Under the covers… CSOM

Under the covers of the PnP PowerShell commandlet is CSOM and since it’s open source we can see an example of getting the same information via CSOM, so if you’re writing managed code this might be the better option for you.

using Microsoft.Online.SharePoint.TenantManagement;
using (ClientContext ctx = new ClientContext(tenantUrl))
{
  ctx.Credentials = new SharePointOnlineCredentials(\_username, \_password);
  Tenant tenant = new Tenant(ctx);
  SPOSitePropertiesEnumerableFilter filter = new SPOSitePropertiesEnumerableFilter()
  {
    IncludePersonalSite = PersonalSiteFilter.Exclude,
    StartIndex = "0",
    IncludeDetail = true
  };

  SPOSitePropertiesEnumerable sitesList = null;
  var sites = new List();
  do
  {
    sitesList = tenant.GetSitePropertiesFromSharePointByFilters(filter);
    ctx.Load(sitesList);
    ctx.ExecuteQuery();
    sites.AddRange(sitesList.ToList());
    filter.StartIndex = sitesList.NextStartIndexFromSharePoint;
  } while (!string.IsNullOrWhiteSpace(sitesList.NextStartIndexFromSharePoint));
}

Sharing and External Users

One of the things I hear frequently is concerns about managing external access, so having visibility to what sites have external sharing enabled and how many (and which external users) have access us useful. From previous section one of the properties we have access to is ‘SharingCapability’. The possible values for that property are:

Disabled

external user sharing (share by email) and guest link sharing are both disabled

ExternalUserSharingOnly

external user sharing (share by email) is enabled, but guest link sharing is disabled

ExistingExternalUserSharingOnly

(DEFAULT) Allow sharing only with the external users that already exist in your organization’s directory

ExternalUserAndGuestSharing

external user sharing (share by email) and guest link sharing are both enabled

By using the TenantManagement class you can specifically harvest the external users you have in your site collection.

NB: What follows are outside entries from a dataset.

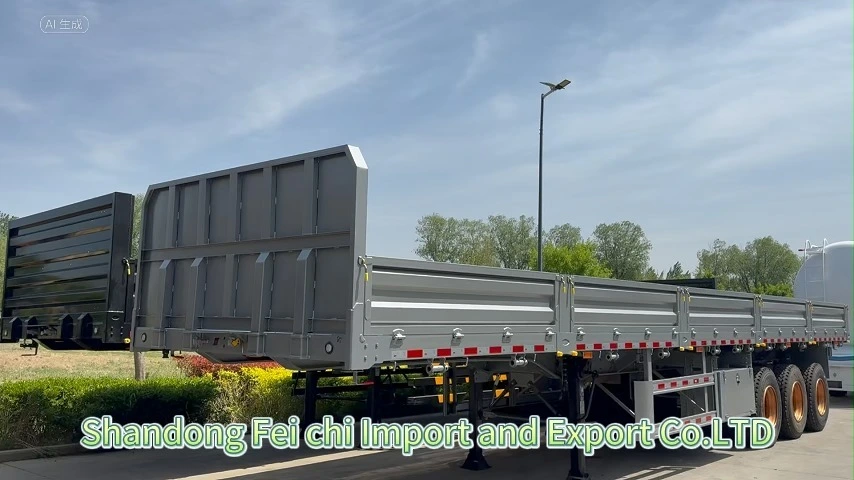 3 Axle Fence Semi Trailer,60T Capacity,Bulk Cargo Carrier Semi Trailer 1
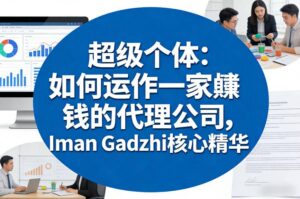 超级个体：如何运作一家賺钱的代理公司，Iman Gadzhi核心精华(双语字幕)-爱找项目网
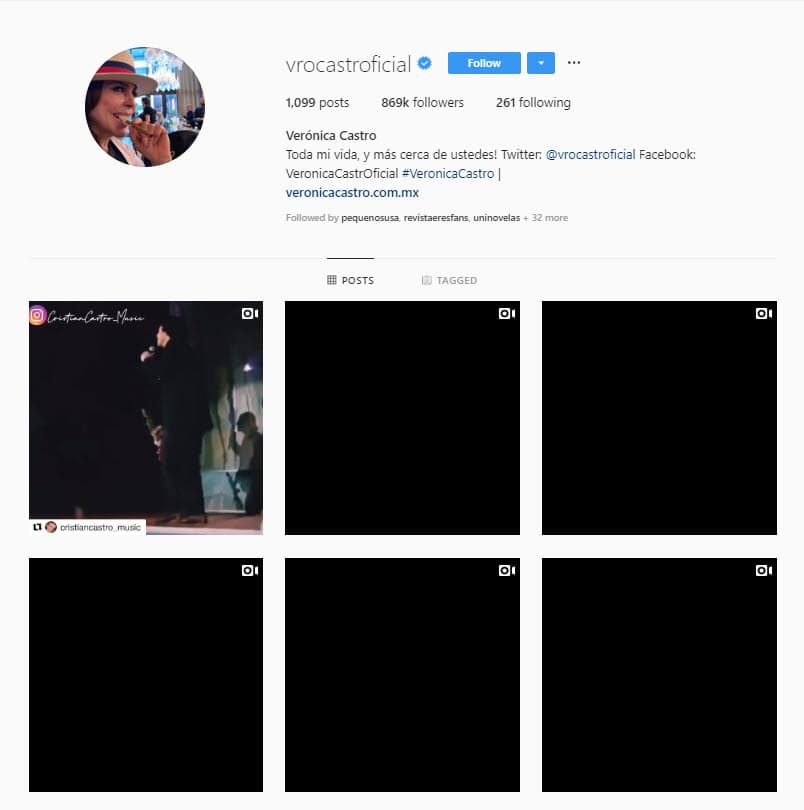 Aunque le dijo adiós a su carrera, no se ha alejado de las redes sociales, ya que sus cuentas de Instagram, Twitter y Facebook siguen presentando actividad.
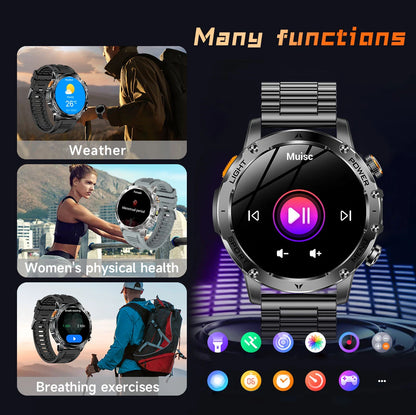 LIGE 2026 New Ultra Military Grade 1000mAh Battery Smart Watch For Men IP68 Waterproof Sports Fitness Bluetooth Call Smartwatch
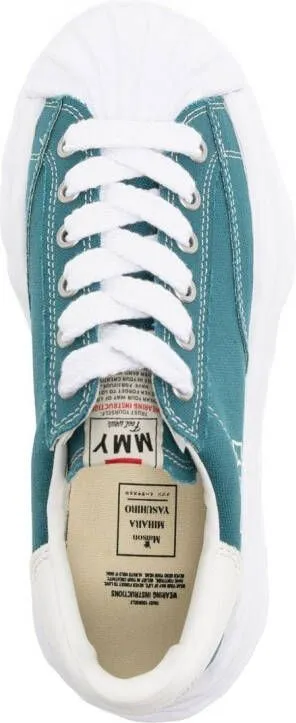 Maison MIHARA YASUHIRO ridged-trim low-top sneakers Blue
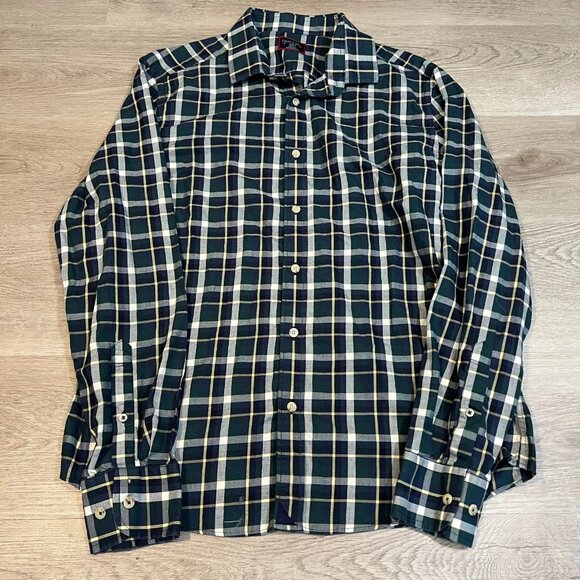 Untuckit Shirt Mens Large Wrinkle Free Slim Fit Button Up‎ Long Sleeve - Picture 1 of 5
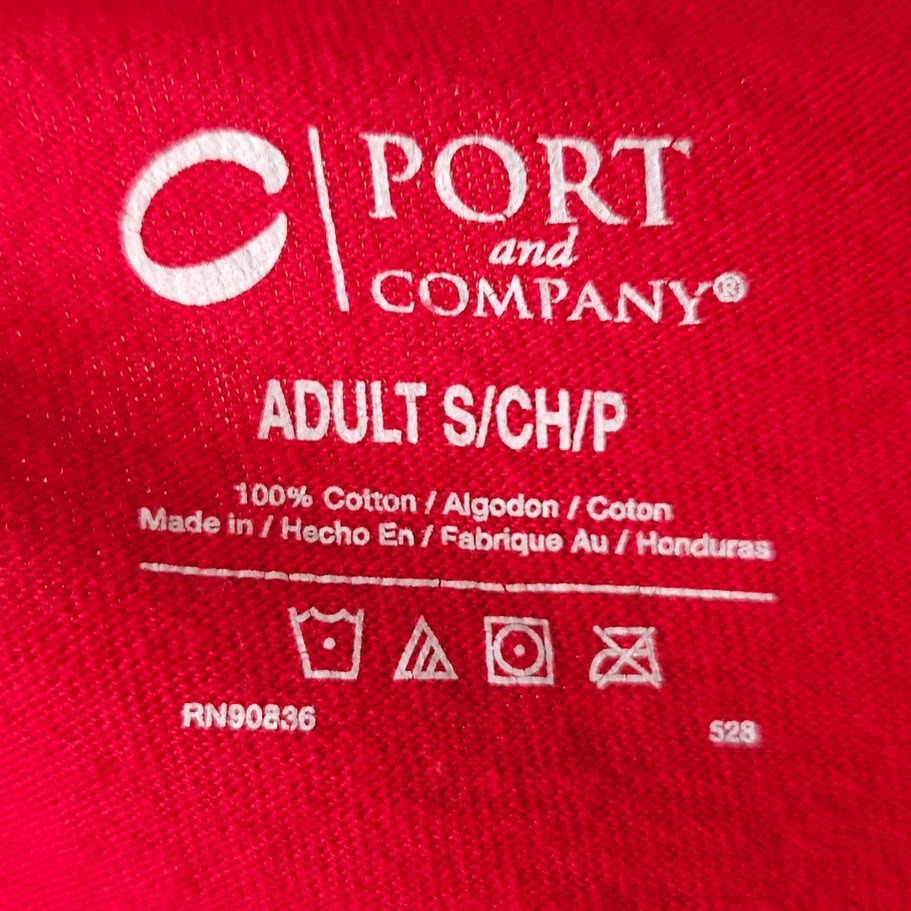 Reading T Shirt Mens Size Small Red Read Explore Discover Space Exploration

using Microsoft.Online.SharePoint.TenantManagement;
using (ClientContext ctx = new ClientContext(tenantUrl))
{
  ctx.Credentials = new SharePointOnlineCredentials(\_username, \_password);
  var tenant = new Office365Tenant(ctx);
  var extUsers = tenant.GetExternalUsersForSite(siteUrl, 0, 1, String.Empty, SortOrder.Ascending);
  ctx.Load(extUsers, i => i.TotalUserCount, i => i.ExternalUserCollection);
  var task = Task.Run(async () => await ctx.ExecuteQueryAsync());
  task.Wait();
  if (extUsers != null)
  {
    foreach(var user in extUsers.ExternalUserCollection)
    {
        var name = user.DisplayName;
    }
    var temp = extUsers.TotalUserCount;
  }
}

Microsoft Graph - What’s available now

As the Microsoft Graph is an ever changing API that’s constantly being expanded I’m obviously going to be writing this as a primer as of the date of publication so please make sure you’re referencing the graph documentation to verify what might have changed. Of what we have outlined above you can get some very basic information about a site collection from the graph by making a REST call to:

<https://graph.microsoft.com/v1.0/sites/contoso.sharepoint.com:/sites/1drvteam>

where ‘contoso.sharepoint.com’ is your tenant and ‘/sites/1drvteam’ is the relative path to the site collection you’re harvesting.

There are several other ways to can formulate the call for site information see this reference for more details.

{
  "id": "contoso.sharepoint.com,2C712604-1370-44E7-A1F5-426573FDA80A,2D2244C3-251A-49EA-93A8-39E1C3A060FE",
  "owner": {
    "user": {
      "displayName": "Daron Spektor",
      "id": "5280E7FE-DC7A-4486-9490-E790D81DFEB3"
    }
  },
  "displayName": "OneDrive Team Site",
  "name": "1drvteam",
  "createdDateTime": "2017-05-09T20:56:00Z",
  "lastModifiedDateTime": "2017-05-09T20:56:01Z",
  "webUrl": "https://contoso.sharepoint.com/teams/1drvteam"
}

Get Group – by site collection URL (sort of)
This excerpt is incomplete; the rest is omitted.